Kamis, 16 Januari 2020 | 07:34 Wita

Urgensi Akal

Editor: Irfan Yahya
Share

Ngopi Peradaban, Oleh: Irfan Yahya ST MSi

HidayatullahMakassar.id — Akal, atu dalam teks arab disebut aql, kadang kita jumpai dalam Al Qur’an dalam konteks dan teks yang berbeda-beda dan memiliki makna yang berbeda pula.

Kita akan menjumpai kata ‘aqulu yang bermakna ‘memahami’ seperti yang terdapat pada surat Al Baqarah ayat 75, juga kita akan menemukan kata ta’qilun yang terdapat pada surat Al Baqarah ayat 44 yang artinya ‘berfikir’, sedangkan pada surat Ar Ruum ayat 24 kita akan menemukan kata ya’qilun yang berarti ‘mempergunakan akal’.

Dalam kenyataannya, akal bukanlah wujud yang berdiri sendiri, melainkan menyatu padu dalam jati diri manusia. Akal merupakan karunia dari Allah Ta’alah secara khusus kepada manusia, dan karena akal pula jati diri manusia dapat dibedakan dari makhluk – makhluk lainnya.

Al Qur’an memberikan gambaran pengertian terkait akal ini secara inhern, pada orang yang berakal ( Ulil Albab), dengan sejumlah kriteria positif. Dengan menyandang kriteria ulil albab tersebut manusia mampu menagkap hikmah dan pelajaran dari ummat terdahulu, mempunyai sifat kritis terhadap apa yang terjadi pada lingkungan sekitarnya, teguh mempertahankan keyakinan dan tidak bergeming dengan segala buruk rayu kemaksiatan, gemar melakukan amar ma’ruf nahyi mungkar, senantiasa taat beribadah, baik ibadah mahdah dan ibadah – ibadah sosial, yang pada akhirnya akan bermuara pada nilai – nilai tauhid, kebenaran, keadilan dan kebijakan.

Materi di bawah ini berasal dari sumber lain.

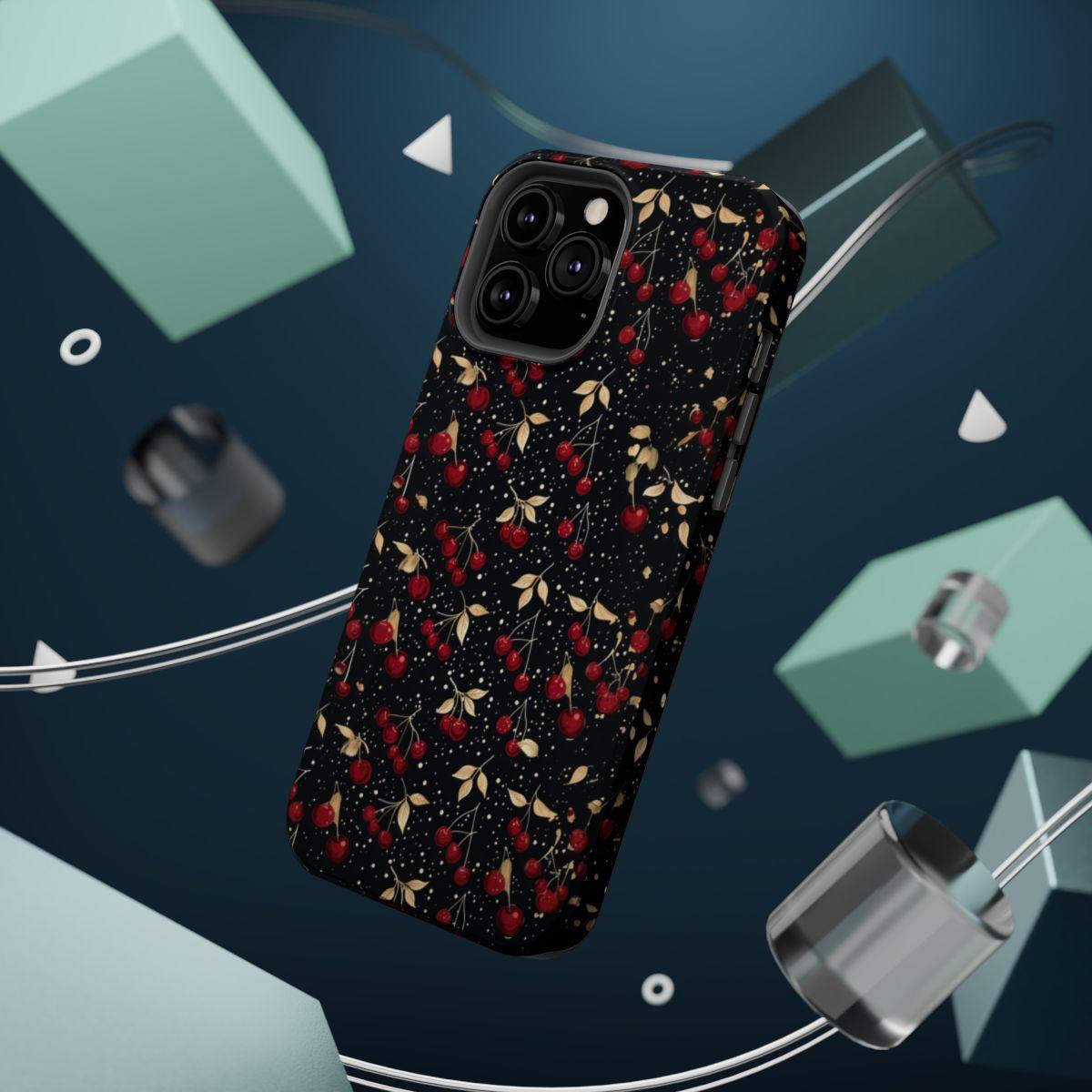 iPhone Case - Red Barries Garden.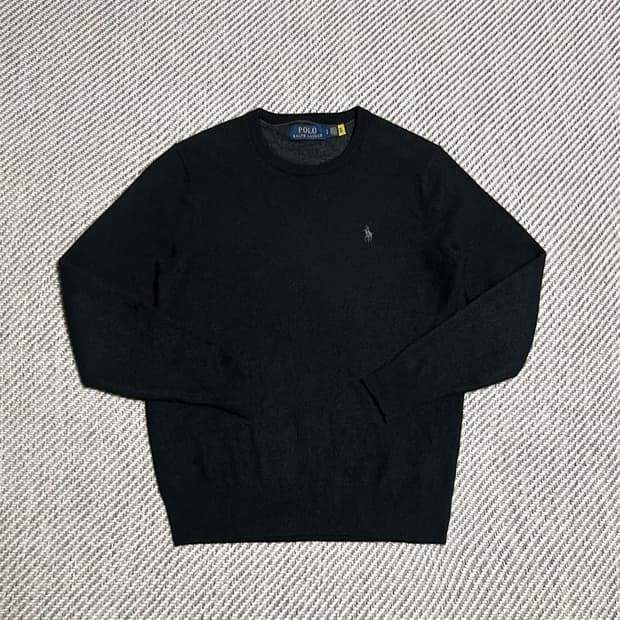 [XS] Polo 폴로 랄프로렌 신형 우먼즈 울 라운드 니트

Jika faktanya kemudian kita menemukan orang yang ber-akal, dan mampu melahirkan berbagai disiplin ilmu pengetahuan, tetapi dengan ilmu pengetahuan tersebut tidak berdiri dan berpihak pada nilai – nilai tauhid, kebenaran, keadilan dan kebijakan, itu berarti telah terjadi ‘pencemaran’ pada akalnya.

Dalam perspektif Islam, akal merupakan prasyarat kemanusiaan yang hakiki dan mutlak. Artinya, manusia belum dipandang sebagaimana layaknya manusia jika tidak mampu menggunakan secara sempurna akalnya. Hal ini penting, karena akal merupakan kemampuan khas manusiawi. Yang secara potensial dapat didayagunakan untuk mendeskripsikan, mentadabburi fenomena alam, melakukan penalaran dan pada akhirnya mengambil keputusan hukum dan tindakan.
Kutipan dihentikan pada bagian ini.